I get what they are trying to do. Loyal users will show up in clusters around one of these increments, but when the increments continue to adjust along the span of data, it’s impossible to compare one chunk to the next. What seems to be bumps are probably nothing, but there’s no way to be sure. There cannot be a generic benchmark for frequency that applies to all sites. Trying to genericize a graph using arbitrary increments is a disservice to the data and only misleads your users.

So, how would YOU do it, Phil?

Well… the first thing I would do is make it a line graph to generate a smooth curve with a consistent scale from 0 to X, where X is the most number of visits recorded. That’s easy to do and Google Analytics uses line graphs elsewhere, so we know they have the graphing capability. It would look kinda like this:

A Useful Visitor Frequency Chart

A Useful Visitor Frequency Chart

OK, Phil, why is THIS better?

It’s better for me, but maybe not for everyone. It depends on what you need to do with the graph.

I was once asked by a client to briefly explain how I find odd things in their analytic data before anyone else. There are many different reasons to be looking at analytics reports. I play a troubleshooting role on that team, so my answer was simple: “I follow the trend line and look for aberrations. If I find one, I dig into the data to find the root cause. Then I call you.” The chart above wouldn’t set off any alarms, but the chart below would cause me to dig:

Oooh, piece of candy!

Oooh, Piece of Candy!

That peak would make anyone wonder what’s going on, but with the bar charts that Google uses, that peak would end up buried inside one of the wonky ranges.

But that’s only how I would use it for a role I play on a specific team for a site that has unique needs. That’s the weakness of the Google Analytics interface that I was hoping they would fix. I want to be able to customize their charts like I can in Excel. Sadly, the data visualization tools they offer in the new interface aren’t enough. Even more sadly, when I export the data from the wonky chart, it retains the bizarro scale. So even if I wanted to use my own charting software, the data is garbage. To quote my film editing professor, “garbage in, garbage out.”
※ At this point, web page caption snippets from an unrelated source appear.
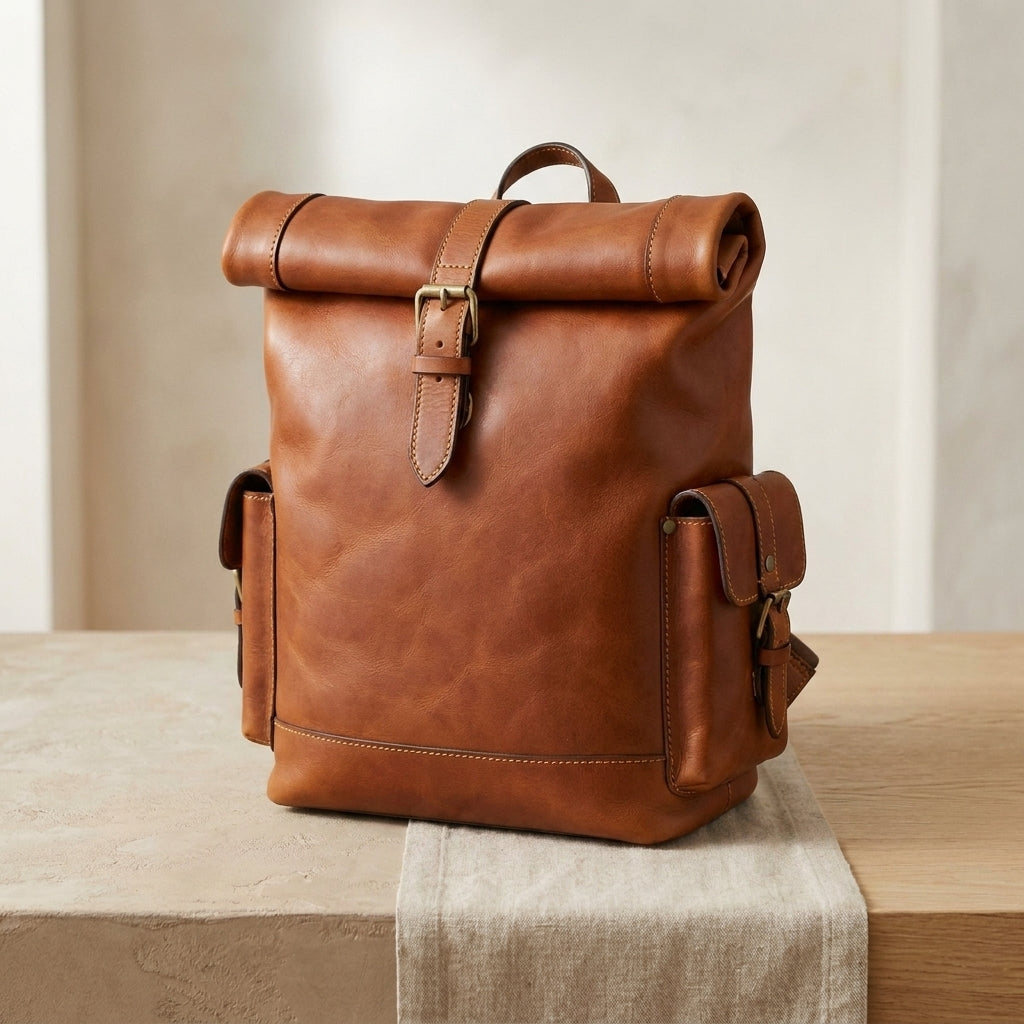 Leather Rolltop Backpack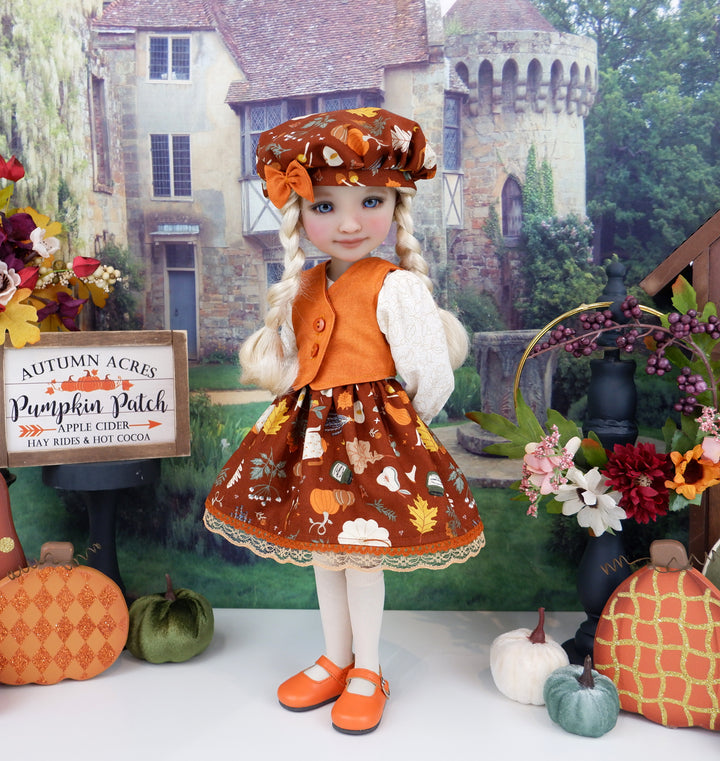 Fall Season - dress & vest with shoes for Ruby Red Fashion Friends doll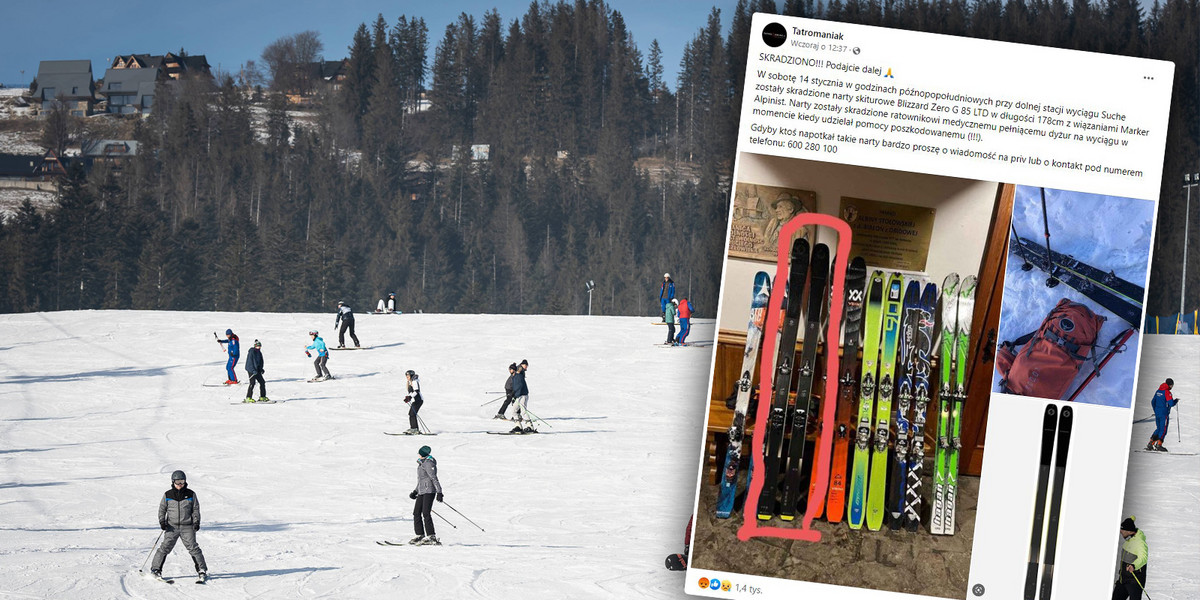 Ktoś ukradł narty ratownikowi medycznemu, gdy udzielał pomocy poszkodowanej osobie.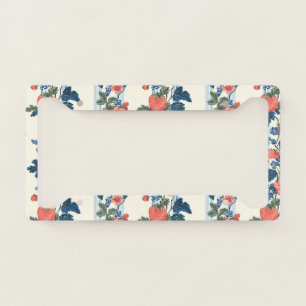 Vintage Strawberries & Blue Leaves Floral Pattern License Plate Frame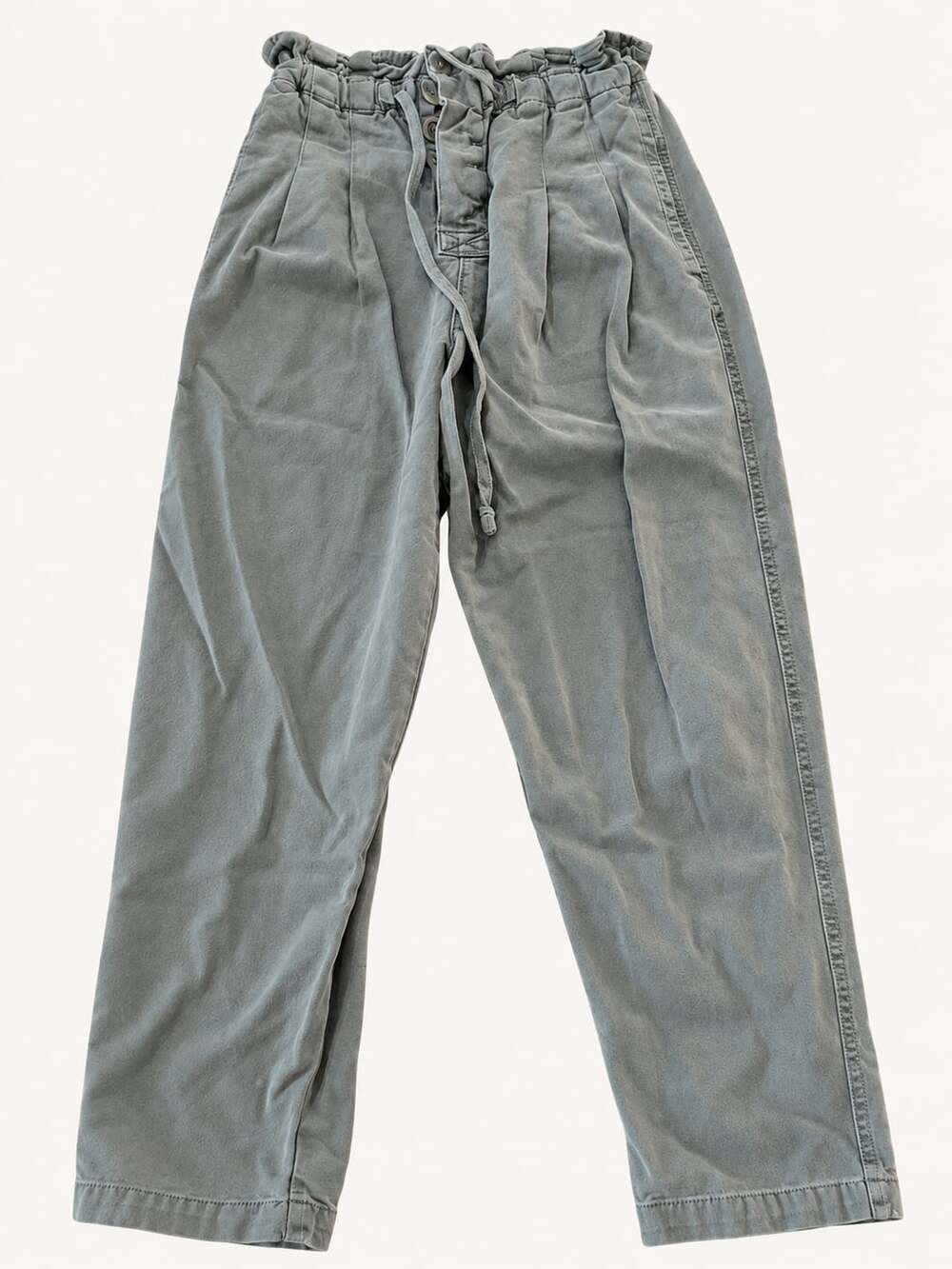 Free People Green Paperbag Waist Pleated Pants Size small (t)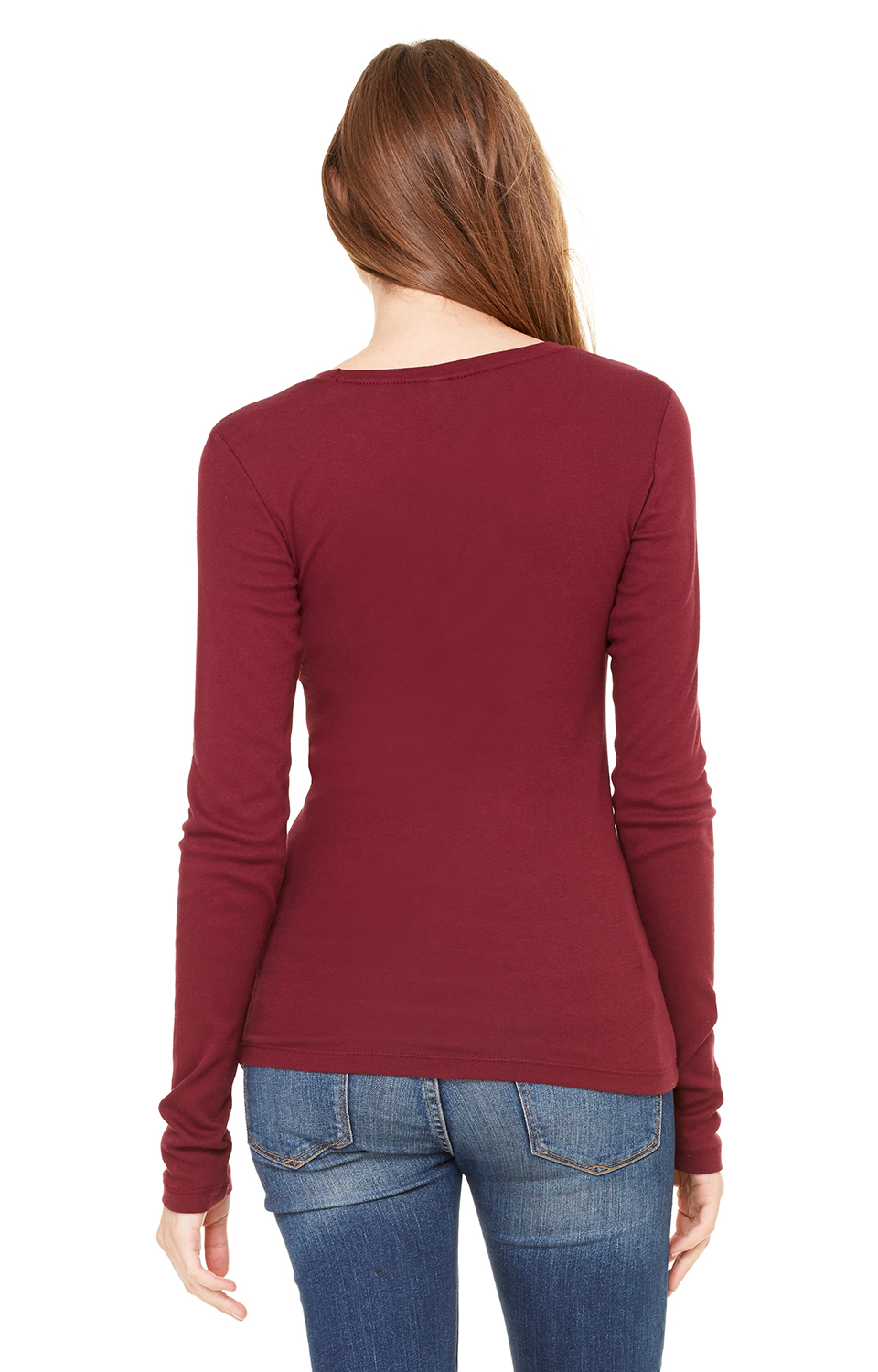 Women's Long Sleeve Sheer Mini Rib Tee - Maroon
What Would Tufte Do? (WWTD)

When I encounter poorly communicated data, I ask myself, “What would Tufte Do?” Edward Tufte has authored several books on data visualization.  While his work has sparked much debate, I believe he would have a lot to say about the use of bar charts for something like Loyalty or Engagement.

You see, even though the charts presented by Google Analytics are missing the chartjunk Tufte has railed against, they rarely communicate data in an appropriate manner. A bar graph is absolutely the wrong tool to use to analyze this set of information. To select the appropriate mapping of this data, you first have to ask yourself, “What is the user going to do with this data?”

For something like engagement (which Visitor Frequency hints at), you may want to know:

  • What are the behaviors of an engaged user?
  • Are we losing, gaining, or keeping a consistent level of engaged users?

Both of these would require completely different visualizations of data, but neither is served by the out-of-the-box graphs presented by Google. My gripe about the out-of-the-box graphs in Google Analytics is that I often can’t figure out what they are trying to tell me, and they don’t let me customize the graphs to meet my needs.

We are entering a period where strong data visualization is getting a lot of attention. It’s more than making pretty pictures, it’s making images that provide value and answer questions. Google Analytics is a valuable tool for an unbeatable price, but when a new version is launched and the greatest value you’ve added is a UI facelift, you’re kind of missing the mark.